NOAA’s New Satellite to Help Improve Extreme Weather Predictions


NOAA’s Joint Polar Satellite System-2 (JPSS-2), the third in a series of five advanced polar-orbiting satellites, blasted off from Vandenberg Space Force Base, California, at  1:49 a.m. PST today.

The satellite will join its predecessors, Suomi NPP and NOAA-20, as they circle the globe 14 times a day, and provide a continuous stream of data used for weather forecasting, including extreme — potentially deadly — events, and will help track and monitor climate change.

“The need for advanced satellites, such as JPSS-2, to accurately predict weather and climate has never been greater,” said Michael C. Morgan, Ph.D., assistant secretary of commerce for environmental observation and prediction. “With the steady rise in the number of billion dollar disasters, NOAA remains committed to putting the best technology in space that leads to more reliable, timely forecasts.”

Artist's rendering of NOAA's JPSS-2.
Artist’s rendering of NOAA’s JPSS-2. (NOAA)

JPSS-2 will be renamed NOAA-21 when it reaches its final “afternoon” orbit, approximately one week after launch. In that orbit, the satellite will collect local observations of the mid-latitudes and tropics during the afternoon and overnight. About one month after launch, the satellite’s instruments will start collecting data. After rigorous tests to ensure the instruments are performing as intended, the data will then be released to the public and used in NOAA’s operational forecasts and warnings. JPSS-2 is designed to operate for seven years, with the potential to operate for several more.
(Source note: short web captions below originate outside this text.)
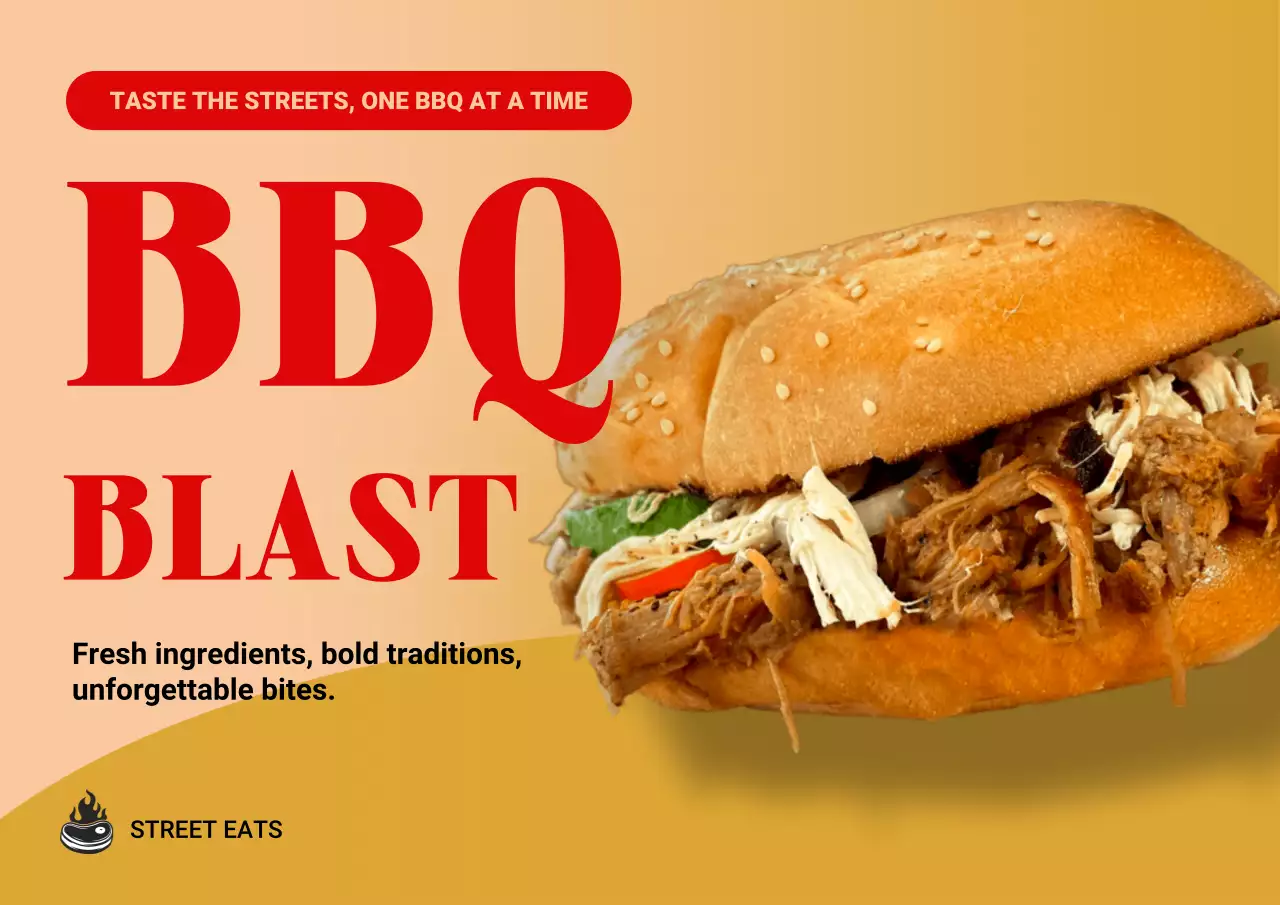 Street Eats BBQ Blast Poster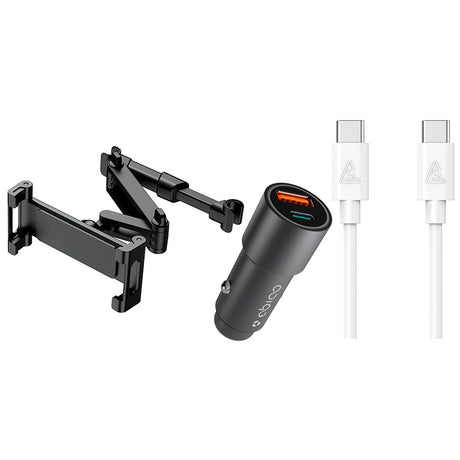 Kør-selv-ferie pakke 1 - inkl. Tabletholder / USB-C - USB-C Kabel / Biloplader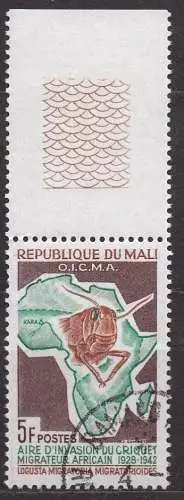 Mali, Mi-Nr. 83 gest., Kampf gegen die Wanderheuschrecke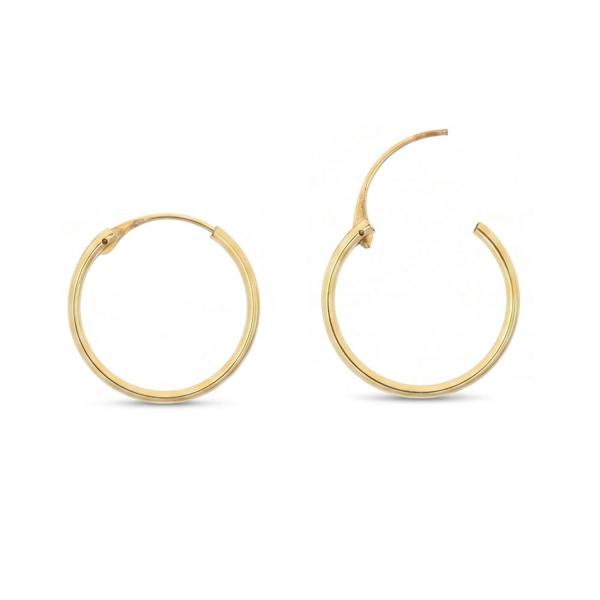 Spero London 9ct Solid Gold Hoop Earrings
“NOAA is operating the most advanced fleet of weather satellites in the world,” said Steve Volz, Ph.D, director of NOAA’s Satellite and Information Service. “In conjunction with our international partner, EUMETSAT, which provides similar observations from the morning orbit, our polar satellites provide essential data for numerical weather models, producing forecasts daily.”

Together, NOAA’s newest polar-orbiting and geostationary satellites provide high quality data and imagery to help emergency managers better prepare for and respond to dangerous storms.

“Data from satellites like JPSS-2 are the foundation for our weather forecasts,” said Ken Graham, director of NOAA’s National Weather Service. “The constellation of weather satellites provides essential support to National Weather Service forecasters, which in turn, allows the public to be better prepared and for emergency managers to preposition response assets to save lives.”